Moritz Kraemer’s article, Markets Insight (January 19), rejects the suggestion that the downgrading of African sovereign Eurobonds is evidence of anti-African bias. On the contrary, Kraemer argues, credit rating agencies have given ratings that are too generous, as evidenced by figures showing that the default rate of B-rated African countries has historically been well above the global average.
But the data he presents to support this claim is spotty. African countries do not have a long history of ratings or even market access and, in any case, this does not explain why African countries systematically have to pay more for their debt than Latin American countries. with similar or more risky profiles.
But where he is right is that criticizing rating agencies will not help solve the debt crisis affecting more than half of sub-Saharan Africa’s low-income economies.

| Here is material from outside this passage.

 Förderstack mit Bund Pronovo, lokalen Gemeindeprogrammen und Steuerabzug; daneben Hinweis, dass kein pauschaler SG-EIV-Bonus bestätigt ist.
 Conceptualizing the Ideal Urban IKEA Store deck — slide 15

The seriousness of the situation cannot be overstated. These countries spend on average 31 percent of their income on debt servicing. This leaves little room for development spending once recurring expenses are taken into account. As a result, gains in the fight against poverty are rapidly eroding. The World Bank projects that across sub-Saharan Africa, gross domestic product per capita, which has not increased since 2015, will decline at an average annual rate of 0.1 percent over the 10 years to 2025, when the number of people living in absolute poverty will have reached 472 million, or 37 percent of the region’s population.
To remedy this situation, it will take more than the current package of half-measures aimed at solving the liquidity problem of countries with market access. The debt crisis in Africa is also a solvency crisis which has consequences for development. What is needed is a comprehensive approach: the equivalent of the Heavily Indebted Poor Countries (HIPC) initiative, launched by the World Bank and the IMF in 1996 to ensure that no poor country is faced with an unmanageable debt burden.
But safeguards must be put in place to deal with the moral risk represented by debt cancellation. Greater attention should also be paid to reforming the Common Framework – the G20 mechanism for dealing with protracted insolvency and liquidity problems – to facilitate orderly and faster debt restructuring of countries with market access that would need it.